My heart moves. Thump, thump, thump. I open my eyes to the sun that peeks through my blinds. I shake off the cobwebs that seem to encompass my sleeping brain. It’s all I can do to move my weak limbs out of the bed. Finally my feet hit the ground, not fully, but just enough to grab my bible and climb back into bed.
As I raise the blinds, I feel this odd sense of déjà vu. As my eyes catch sight of Philadelphia, this silly smile comes across my face. What is this?
I’m smiling. I’m smiling again. I’m smiling again when I’m alone. It is enough to bring tears to my eyes. My heart is full and happy. Even in my loneliness I am happy. All I can do is rejoice to the one who all my joy comes from.

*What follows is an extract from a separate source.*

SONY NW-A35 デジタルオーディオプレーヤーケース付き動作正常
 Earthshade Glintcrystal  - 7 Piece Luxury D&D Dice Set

As I close my eyes to pray, my heart sings songs of unbounded praise.
I’m feeling. I’m alone and I’m feeling. And man it feels good.
“I will exalt you, Lord,
for you lifted me out of the depths
and did not let my enemies gloat over me.
Lord my God, I called to you for help,
and you healed me.
You, Lord, brought me up from the realm of the dead;
you spared me from going down to the pit.
Sing the praises of the Lord, you his faithful people;
praise his holy name.
For his anger lasts only a moment,
but his favor lasts a lifetime;
weeping may stay for the night,
but rejoicing comes in the morning.
When I felt secure, I said,
“I will never be shaken.”
Lord, when you favored me,
you made my royal mountain stand firm;
but when you hid your face,
I was dismayed.
To you, Lord, I called;
to the Lord I cried for mercy:
“What is gained if I am silenced,
if I go down to the pit?
Will the dust praise you?
Will it proclaim your faithfulness?
Hear, Lord, and be merciful to me;
Lord, be my help.”
You turned my wailing into dancing;
you removed my sackcloth and clothed me with joy,
that my heart may sing your praises and not be silent.
Lord my God, I will praise you forever.”